The 2020 county tax rate may continue may continue its downward decline next year.
Grayson County Commissioners started budget sessions this week and the proposed tax rate of .416429 per $100 valuation could save a county tax payer with a $100,000 home about $23.94 cents in county taxes, if approved.
“This is a very, very, very conservative budget,” GC Judge Bill Magers explained the numbers commissioners have tentatively agreed upon. Though Magers said the process is well on its way this year, the budget will not be final until sometime late September or early October.
He also said that there has been a lot of talk this year about holding the line on taxes and on appraisal creep. This budget, he said, shows that they have lowered the tax rate by 16 percent over the past four years.
“We are actually lowering the rate faster than its creeping,” he said.
This marks several years in a row that the county has actually cut the tax rate including in 2019, and 2018, most recently.

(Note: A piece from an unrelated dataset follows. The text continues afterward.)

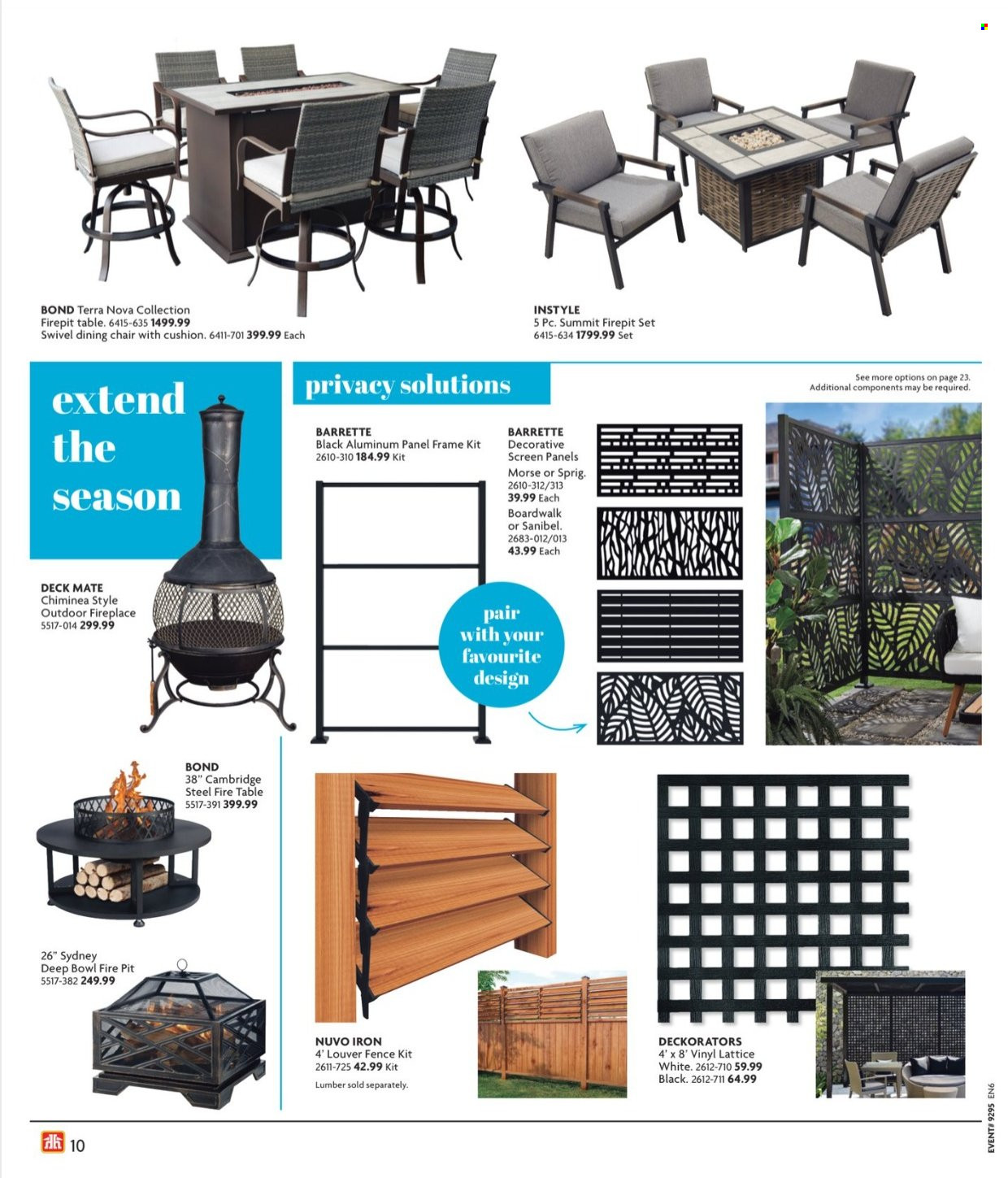 thumbnail - Home Hardware Flyer - March 07, 2024 - May 22, 2024 - Sales products - iron, table, chair, dining chair, fireplace, vinyl, fire bowl. Page 10.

The tax rate will support a budget that includes giving county employees a 3.5 percent pay increase and some big ticket items that could need funding in the upcoming fiscal year. The county has set aside $400,000 for improvements at the Loy Lake spillway though there is hope that such improvements won’t be that expensive. The budget also includes $400,000 to connect North Texas Regional Airport — Perrin Field to radar services.
The budget includes one new part-time employee for County Commissioner Precinct 4 and the upgrading of one part-time employee to full-time for the County Extension Office.
Magers said as the county continues to grow, local school districts do as well. That means the County Extension Office is working with more and more students.
The county has also set aside $40,000 for the census and will partner with the city of Sherman which has promised $25,000 and the city of Denison which has promised $15,000 for work toward getting all of Grayson County counted. Spending money on the census makes sense, Magers said, because there are millions of transportation dollars tied to those numbers.
Magers said there were some additional increases in the budget that were relatively minor. For instance, he said, Grayson County Sheriff Tom Watt wanted to increase the number of hours worked for his nine investigators and two sergeants from 80 hours to 84 hours. Watt said that they are already working that many hours but right now and the SO is paying them in comp time. He has the money in his budget, but he is just looking to make the change official.
Also in the budget, is $50,000 to look at possible expansion for the Grayson County Jail. He said the jail isn’t at the point that it needs such expansion at this time, but it is best to stay ahead of the trend.
The budget, Magers said, also includes $25,000 for extra indigent defense costs for some upcoming murder trials and $4,000 in elections for the 20/20 election.
Though the county has, most recently, tied the amount of increase given to fire departments and ambulance services that provide care for people in the unincorporated areas of the county, to the amount of increase given to county employees, Magers said. But that is not the case this year.
“We spent a million plus on radar this year so that’s our contribution to the ambulance and fire,” he said.
Magers said the $1,502,790 in major requests and projects for the year will be cut significantly if the county doesn’t have to do the Spillway project or if the county pays for the radar project out of right of way funds. He said the county will eventually be reimbursed for the radar.
He said the county is also continuing to draw down its fund balance. They would need about $10 million for 90 days worth of fund balance. They have just over $17 million in fund balance right now.
Magers said the county could cut taxes even deeper, but they want to take a slower pace at doing that because no one wants to lower it just to have increase it a few years down the road.
“We feel like there are some capital expenses that may come down the pike at some point down the road that we can’t see from here,” he said noting that they want to make sure those items can be handled without the county needing to take on more debt.